Although the government said it will take at least six months before Uganda confirms if it’s free of bird flu, its agencies seem to be focusing more on preventive than curative measures, especially at a time when the WHO says drugs for the disease ‘are not easily available in sufficient quantities’.

However, the bird flu outbreak in January helped to expose some weaknesses on existing systems for the control and management of the disease across sub Saharan Africa. For example, it emerged that Uganda, just like many countries in the region, does not have a policy on how to cater for farmers whose poultry or animals are killed to control further disease spread. Uganda’s Animals Disease Act merely gives veterinarians authority to kill livestock, leaving farmers at risk of indebtedness and poverty.

In addition, some samples from the dead birds in Uganda had to be sent to Italy to test for the highly pathogenic ‘N’ elements. This could take time, yet the fast-spreading nature of the disease calls for emergency measures based on confirmed laboratory results.

It is time Uganda, on its own or in partnership with other East African countries such as Kenya, Tanzania, Rwanda, Burundi and South Sudan, pulled resources together and established modern laboratories for carrying out the more advanced laboratory tests in the war against bird flu.

Even if Uganda implements the most effective bird flu surveillance systems, the country can only be safe if similar efforts are made by neighbouring countries.

The bird flu threat for Uganda remains real. In 2016, Cameroon announced detection of the H5N1 virus strain for the first time since 2006, the same year that more than 3.5m poultry were killed in Nigeria to avert spread of the flu.

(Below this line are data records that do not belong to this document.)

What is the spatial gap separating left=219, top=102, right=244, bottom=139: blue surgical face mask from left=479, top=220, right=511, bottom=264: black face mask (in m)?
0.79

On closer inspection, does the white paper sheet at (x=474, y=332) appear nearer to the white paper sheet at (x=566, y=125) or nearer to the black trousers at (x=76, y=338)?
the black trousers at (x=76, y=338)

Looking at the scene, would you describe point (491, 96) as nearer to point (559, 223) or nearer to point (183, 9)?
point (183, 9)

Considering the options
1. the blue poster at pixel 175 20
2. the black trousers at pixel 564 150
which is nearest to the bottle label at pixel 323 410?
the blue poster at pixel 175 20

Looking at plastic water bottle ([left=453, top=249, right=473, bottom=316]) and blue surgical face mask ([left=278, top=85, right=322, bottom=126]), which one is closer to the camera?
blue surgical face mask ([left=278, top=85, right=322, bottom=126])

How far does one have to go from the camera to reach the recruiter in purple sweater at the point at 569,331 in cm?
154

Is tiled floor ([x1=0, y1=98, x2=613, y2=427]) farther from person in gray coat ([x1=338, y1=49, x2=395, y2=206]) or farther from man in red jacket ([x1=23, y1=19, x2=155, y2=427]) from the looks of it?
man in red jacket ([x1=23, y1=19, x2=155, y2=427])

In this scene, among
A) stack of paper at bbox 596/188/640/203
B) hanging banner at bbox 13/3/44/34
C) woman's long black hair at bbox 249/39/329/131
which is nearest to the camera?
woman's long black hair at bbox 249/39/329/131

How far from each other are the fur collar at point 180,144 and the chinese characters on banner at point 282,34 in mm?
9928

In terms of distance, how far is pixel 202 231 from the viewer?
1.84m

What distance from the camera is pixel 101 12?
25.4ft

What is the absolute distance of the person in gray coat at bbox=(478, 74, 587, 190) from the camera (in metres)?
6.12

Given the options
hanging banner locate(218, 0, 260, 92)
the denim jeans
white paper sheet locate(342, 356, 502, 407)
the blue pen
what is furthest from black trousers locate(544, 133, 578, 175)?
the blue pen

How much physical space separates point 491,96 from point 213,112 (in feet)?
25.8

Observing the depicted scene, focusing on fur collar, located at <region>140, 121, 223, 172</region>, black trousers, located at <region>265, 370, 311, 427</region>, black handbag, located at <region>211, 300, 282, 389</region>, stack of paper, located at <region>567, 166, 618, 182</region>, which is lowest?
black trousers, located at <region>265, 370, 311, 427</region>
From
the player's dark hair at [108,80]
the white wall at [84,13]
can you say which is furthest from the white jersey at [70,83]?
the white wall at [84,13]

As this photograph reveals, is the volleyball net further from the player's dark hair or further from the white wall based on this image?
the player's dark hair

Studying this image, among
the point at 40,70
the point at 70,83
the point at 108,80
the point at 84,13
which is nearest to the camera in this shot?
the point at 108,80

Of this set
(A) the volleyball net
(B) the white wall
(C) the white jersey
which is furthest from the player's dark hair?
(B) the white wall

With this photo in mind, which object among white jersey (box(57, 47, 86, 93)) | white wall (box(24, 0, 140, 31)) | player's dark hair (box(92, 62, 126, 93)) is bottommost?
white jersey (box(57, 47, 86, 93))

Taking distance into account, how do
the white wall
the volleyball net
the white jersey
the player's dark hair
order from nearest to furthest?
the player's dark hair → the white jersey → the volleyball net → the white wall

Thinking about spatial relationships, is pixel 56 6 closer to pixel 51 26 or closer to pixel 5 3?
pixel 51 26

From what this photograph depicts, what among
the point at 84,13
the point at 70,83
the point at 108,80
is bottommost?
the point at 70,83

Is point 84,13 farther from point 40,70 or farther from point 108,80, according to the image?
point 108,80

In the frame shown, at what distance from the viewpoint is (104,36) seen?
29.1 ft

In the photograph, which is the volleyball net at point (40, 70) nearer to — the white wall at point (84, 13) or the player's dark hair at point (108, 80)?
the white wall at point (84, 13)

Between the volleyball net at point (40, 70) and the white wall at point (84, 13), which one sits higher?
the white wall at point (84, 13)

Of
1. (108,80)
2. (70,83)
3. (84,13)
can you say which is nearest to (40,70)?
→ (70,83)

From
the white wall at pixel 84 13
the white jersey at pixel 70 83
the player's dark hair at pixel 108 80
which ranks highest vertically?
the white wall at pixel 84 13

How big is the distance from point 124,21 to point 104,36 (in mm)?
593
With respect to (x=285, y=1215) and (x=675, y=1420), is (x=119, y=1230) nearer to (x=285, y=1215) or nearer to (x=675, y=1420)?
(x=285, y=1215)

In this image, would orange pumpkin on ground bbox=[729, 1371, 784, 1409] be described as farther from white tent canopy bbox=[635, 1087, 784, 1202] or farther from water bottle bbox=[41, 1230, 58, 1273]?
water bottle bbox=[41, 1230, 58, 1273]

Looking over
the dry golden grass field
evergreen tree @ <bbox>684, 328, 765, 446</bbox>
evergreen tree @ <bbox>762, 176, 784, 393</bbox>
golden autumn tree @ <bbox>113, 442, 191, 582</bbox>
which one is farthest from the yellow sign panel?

In January 2017, Nigeria reported the first H5N8 strain, currently causing problems in Europe. Egypt, a neighbour to Tunisia and Morocco, where the white-winged black terns migrate from during their breeding season, reported 292 cases of human H5N1 infection, 34% of them fatal, between 2006 and 2015.

The time has come for sub Saharan African countries not only to harmonise their bird flu control and management systems, but also to collaborate in research and testing and the establishment of facilities to improve early detection and management of the disease.